Cunningham stared from one to the other, but it was hard to think of anything when he looked at Maria. He had taken the Strangers seriously enough when he knew of the first man’s being killed. Now it looked as if he was called upon to prevent deadly serious trouble in the hills.

“I’ll try,” he said hopelessly. “Yes, I’ll try. Maria——”

The color mounted in her cheeks. Then she seemed to summon all her pride and met his eyes fairly. They told him many things, her eyes.

“I—I will wait for you,” she told him. And in the words she said much more than the words themselves.

Cunningham was tingling all over, at the same time that he felt a curious sense of absurdity in escorting callers to the window instead of to the door. But before they reached it a head appeared there. It was that of the young Stranger who had been the first to appear from the woods that afternoon.

“The sheriff,” he whispered. “He came. We hit him on the head. Shall we kill him?”

“No!” said Cunningham sharply. “Tie him up until you get clear away. Did he see you coming up to my window?”

“No.” The young man shrugged and disappeared. There were whispered instructions below. To Cunningham it seemed that the whispers were in a strange tongue. Maria and her father slipped out. Then there were little rustlings below. The ladder, probably, being taken down and carried elsewhere, and the marks it had made in the earth erased.

Cunningham sank into a chair and stared before him.
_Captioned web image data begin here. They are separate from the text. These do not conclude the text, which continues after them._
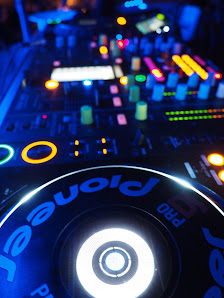 DJ Til Dawn
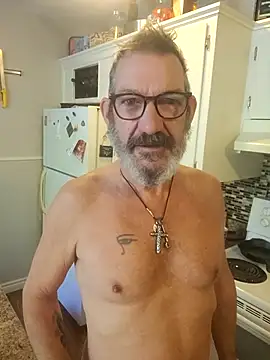 Snapshot of FoxnMouse chatting on October 2025 06:07:02 PM FoxnMouse online show from October 2025 06:07:02 PM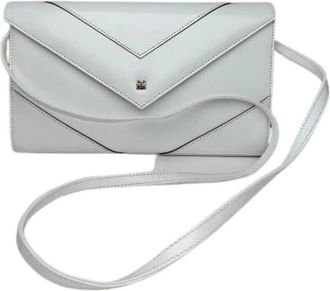 Givenchy Pre-owned Clutches, female, White, Size: ONE SIZE Pre-owned Leather Shoulder Bag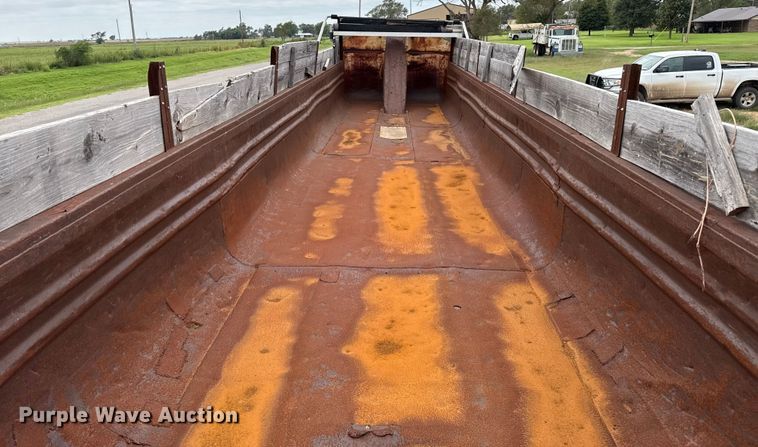 image for item DZ8977 1995 Clement end dump trailer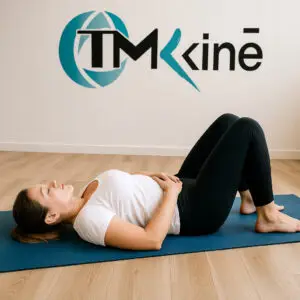 Mujer realizando activación de suelo pélvico tras el parto en Fisioterapia TMKiné, Madrid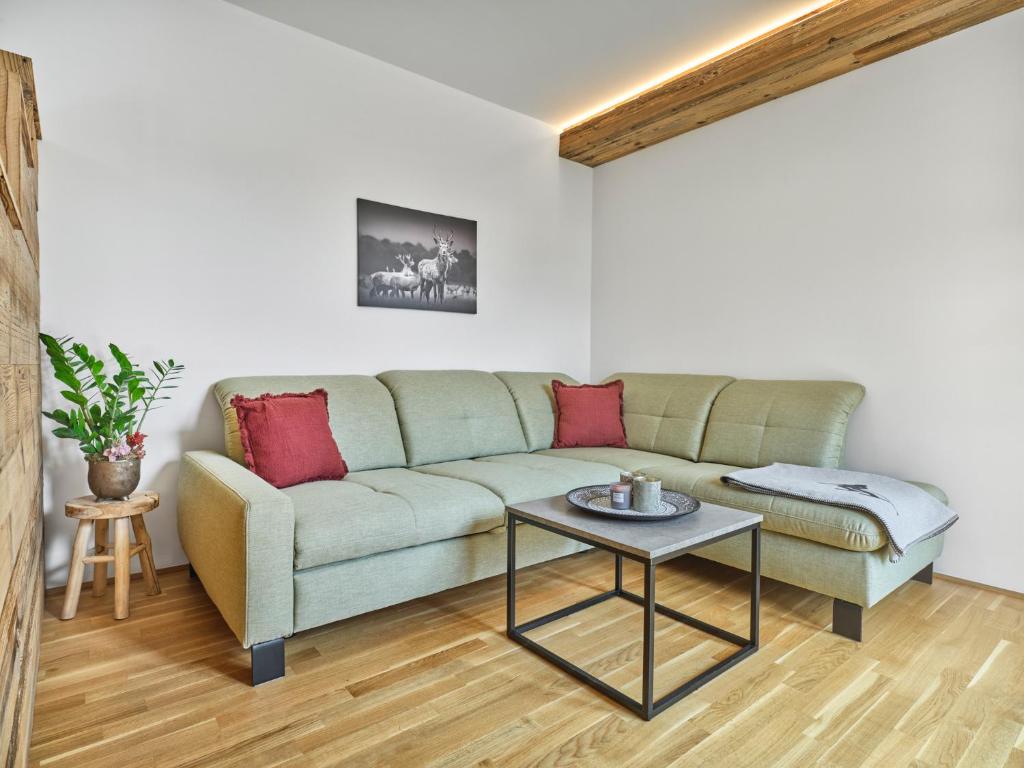Istumisnurk majutusasutuses The Spa Suite Top 3- Tauplitz Residences by AAHH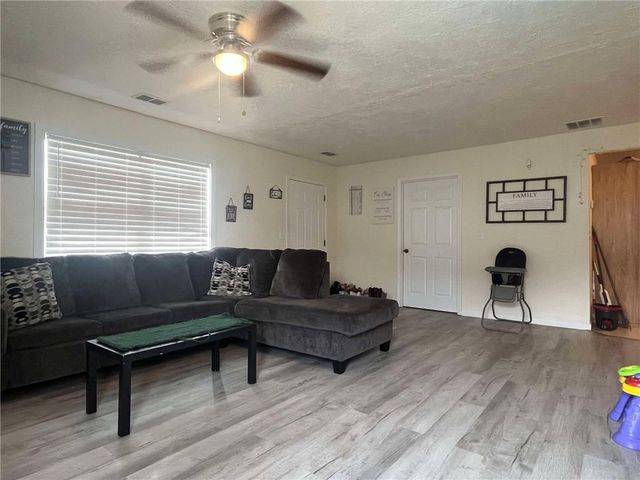 100 4343p Lane, Clinton, MO 64735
His blood was still pounding in his veins. And Maria had glanced back at him as she disappeared from view. But there was no denying that a tremendous and unwelcome responsibility had been thrust upon him.

They were foreigners. They must be. They did not understand the laws of the United States—and they were hated now and would soon be subject to persecution. Why, otherwise, did Vladimir bribe the sheriff and try to keep both Gray and Cunningham away from the Strange People? Why, otherwise, had such unreasoning hatred been expressed that morning in Bendale?